A woman writes in a small notebook with a pen under dim lighting. She looks content.

Me in my natural habitat: in a cafe with a notebook. I am at my happiest when I am creating things, working proactively!

For two hours on Tuesday morning, the e-mail server on-campus was down. I start my day as I suspect a lot of you do: check my e-mail inbox, respond to urgent messages, and use those very messages – their requests, their latest up-to-date information – to inform the rest of the work that day. But on Tuesday, that wasn’t possible because I couldn’t access my e-mail for Two. Full. Hours. I felt paralyzed. I had forgotten, in some ways, what it was like to start the day not in reaction to what other people wanted from me, but rather to start the day on my own terms.

Did I feel liberated from the bonds of e-mail? Away from the constant pings and notifications, did I find myself completely absorbed in productive, critical thought?

Rather disappointingly, I squandered the time. I refreshed pages to see if the e-mail client was working. I distractedly noodled around on a book chapter I’m trying to write. I kept waiting for e-mail to return, anxious that I was somehow neglecting a burgeoning request from someone out there, even though I also knew that no one else’s e-mail on-campus was working and that, realistically, not a single request could really be attended to at that point anyway. Don’t get me wrong: there was plenty in my queue to accomplish. But somehow, it felt strange to pursue anything without knowing what was in my e-mail inbox first.

It has taken me a few days to process why I felt so distraught by the disruption to my routine, why I somehow needed others’ messages to help me determine what the rest of my morning would look like. And here’s where I’ve landed: faculty developers and instructional designers need to be encouraged to build in proactive, creative development time into their daily routines.

See, here’s the thing: the more I’ve learned about the role of instructional development, the more I realize that our positionality in our institutions is determined largely by how we’re responding to crises, whether those are institutional, individual, or programmatic. Our role, after all, is support: we do not generate the problems, we solve them. The problems come to us, we manage them, we devise solutions, and we move onto the next problem that crosses our desks.

I understand this paradigm, of course. After all, every institution needs a support and response system for those who are doing the making, breaking, and creating. In the case of the university, the faculty conducting the research, teaching the classes, and leading the projects on-campus need a team to help them complete these tasks accordingly. That’s where instructional designers, educational developers, research assistants, and others (and I apologize if you’re reading this and not seeing your own role named: I see you and I just can’t recall all the possible roles that I know lots of people play inside universities!) come into play.

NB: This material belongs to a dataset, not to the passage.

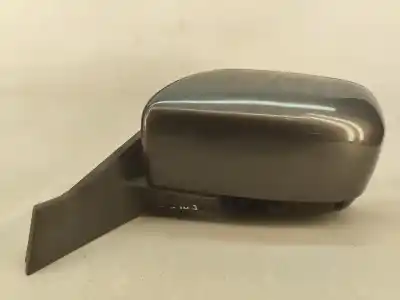 Peça sobressalente para automóvel em segunda mão espelho retrovisor esquerdo por mazda 5 (cr19) 2.0 cd (cr19) referências oem iam   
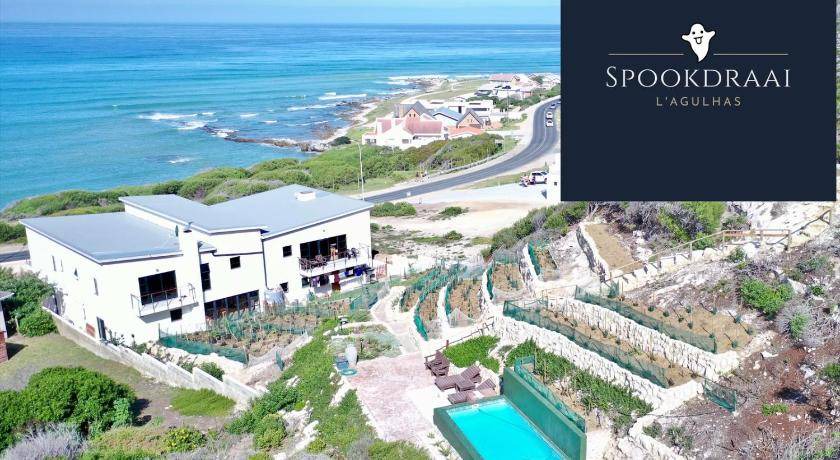 L'Agulhas Bed & Breakfast | 50 m² Bed and breakfast ∙ 5 guests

But what happens when your faculty can’t get in touch with you? What happens when the people that you support either a.) can’t conceive of a need for your support or, and perhaps more compellingly, b.) actually don’t need your support at all? Some problems just don’t need the support of particular players – and not every problem requires a full-on team? What, then, is the role of “the support?”

To me, the answer is clear: empower people in support roles to become not just reactors, but creators.

Everyone who has been trained in instructional design, faculty development, or other related fields understand what kinds of problems with learning, organization, and project development need to be solved.  But, often enough, we are not empowered with the mindset to go in and actually fix those problems for ourselves. All too often, we need permission from someone else – a faculty member, most often. That need for permission emerges, quite simply, from the organizational hierarchy of the university, where faculty members remain the most important decision-making bodies in the university. This hierarchy exists for a reason; maintaining an active research agenda is, largely, a university’s mission, and I don’t mean to suggest that the centrality of research gets dismantled. However, I think as the roles of instructional designers and educational developers increase, and as more people enter these roles with research training and a background in teaching, we need also to trust these players on-campus, to give them the leadership and the responsibility to move forward with proactive thinking, with taking on their own research agendas and leading projects without needing always to position themselves as “support” for others. Maybe we could dismantle some hierarchies too, but that’s a conversation for another day.

We are leaders in our right, and we should be empowered to act like it.

It’s not that I am advocating for instructional designers or educational developers to become faculty. Specialized training and expertise in particular disciplines and their research methods should be valued in their own right. What I am advocating for is instructional design and educational development work that is grounded in pursuing research agendas and projects that can inform the improvement of teaching and learning at the institution itself.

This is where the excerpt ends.